EYEWITNESS LOCAL NEWSFirefighters Respond To Arizona Tragedy
from Eyewitness News Online
Reported by: Kera Mashek
Web Producer: Kera Mashek
Reported: Jul. 1, 2013 9:01 PM EDT
Updated: Sep. 3, 2013 4:30 PM EDT
St. Albans , Kanawha County , West Virginia
A massive, deadly wildfire continues to rage out of control near prescott, Arizona. Nineteen firefighters were killed battling that fire Sunday. They were members of an elite squad called the "Granite Mountain Hot Shots".
With the extreme heat and winds fanning the flames, the firefighters simply had nowhere to run, and their safety equipment, including specialized fire tents, offered little help.
Firefighters around the country, including here in West Virginia, are now sending prayers and support to Arizona.
Captain Dwight Pettry's set to retire soon from the Saint Albans Fire Department after almost three decades of service. For 20 of those years, he's not only answered calls in the local community, he's also responded to wildfires out west. So he knows first-hand fires like the one burning right now in Arizona --are brutal.
"It's all day, walking and digging. And out there, it takes several days to put out a fire, even if it's very small, only a few acres. Things are so dry, it's burning underground," said Pettry.
Pettry says there are always new safety precautions coming out for crews who chose to be certified in wild-lands firefighting, Including new versions of specialized fire tents that were put into use a few years ago. The tents can withstand 500 degree heat, but fires can easily reach a thousand degrees or more. So sometimes, not even the best equipment can stop the inevitable...
"Of course all your uniforms are Nomex, which is similar to the bunker coats we wear here, but they're much thinner because obviously you don't want to wear those all day in the heat. Then we carry the shelter. It's a last ditch effort thing, which as we know from out there yesterday, it doesn't always protect you," Pettry said.
His heart breaks for fire departments and families of the 19 fallen members of the Granite Mountain Hot Shots--some of the most highly trained firefighters anywhere.
"It's just tough, really tough," said Pettry.
But he knows the firefighting family around the country will be lending support to help Arizona communities heal, while helping firefighters on the front lines continue to do their jobs, until the flames in Yarnell go out.
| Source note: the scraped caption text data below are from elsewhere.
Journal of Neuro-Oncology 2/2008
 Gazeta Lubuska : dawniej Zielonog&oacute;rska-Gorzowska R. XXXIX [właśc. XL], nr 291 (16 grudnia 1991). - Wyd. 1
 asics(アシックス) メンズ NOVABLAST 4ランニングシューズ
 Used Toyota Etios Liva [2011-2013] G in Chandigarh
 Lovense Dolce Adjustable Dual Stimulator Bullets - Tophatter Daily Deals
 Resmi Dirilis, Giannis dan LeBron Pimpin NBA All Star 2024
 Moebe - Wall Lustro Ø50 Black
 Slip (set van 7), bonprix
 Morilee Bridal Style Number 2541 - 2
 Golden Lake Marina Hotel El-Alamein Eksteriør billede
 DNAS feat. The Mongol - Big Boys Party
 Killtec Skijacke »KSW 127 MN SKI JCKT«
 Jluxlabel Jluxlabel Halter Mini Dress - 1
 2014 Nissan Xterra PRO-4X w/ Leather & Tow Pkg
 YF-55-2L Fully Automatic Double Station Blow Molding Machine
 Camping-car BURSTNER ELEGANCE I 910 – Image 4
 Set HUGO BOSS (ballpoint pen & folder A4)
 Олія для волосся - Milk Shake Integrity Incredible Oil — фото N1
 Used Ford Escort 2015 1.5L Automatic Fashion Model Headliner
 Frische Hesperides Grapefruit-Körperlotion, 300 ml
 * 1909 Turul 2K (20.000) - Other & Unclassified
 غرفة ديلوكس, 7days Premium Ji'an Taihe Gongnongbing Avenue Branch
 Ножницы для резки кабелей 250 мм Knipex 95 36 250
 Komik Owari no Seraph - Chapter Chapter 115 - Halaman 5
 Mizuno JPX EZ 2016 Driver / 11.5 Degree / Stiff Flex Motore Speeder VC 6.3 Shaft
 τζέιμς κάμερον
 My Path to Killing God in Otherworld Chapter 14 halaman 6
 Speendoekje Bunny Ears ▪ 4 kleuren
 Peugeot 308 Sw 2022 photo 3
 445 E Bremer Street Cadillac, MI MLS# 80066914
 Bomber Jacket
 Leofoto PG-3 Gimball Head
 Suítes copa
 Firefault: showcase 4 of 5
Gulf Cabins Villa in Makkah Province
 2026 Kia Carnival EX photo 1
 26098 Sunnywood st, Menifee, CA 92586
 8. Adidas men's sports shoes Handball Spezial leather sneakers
In order to help fight wildfires, firefighters in West Virginia have to be what's called "red card certified" through the state division of forestry or the US Forest Service.
So far--we've not learned of any fire crews from the Mountain State who are being dispatched fight the Arizona wildfire, but that call could come any time and firefighters here say they are ready and willing to help.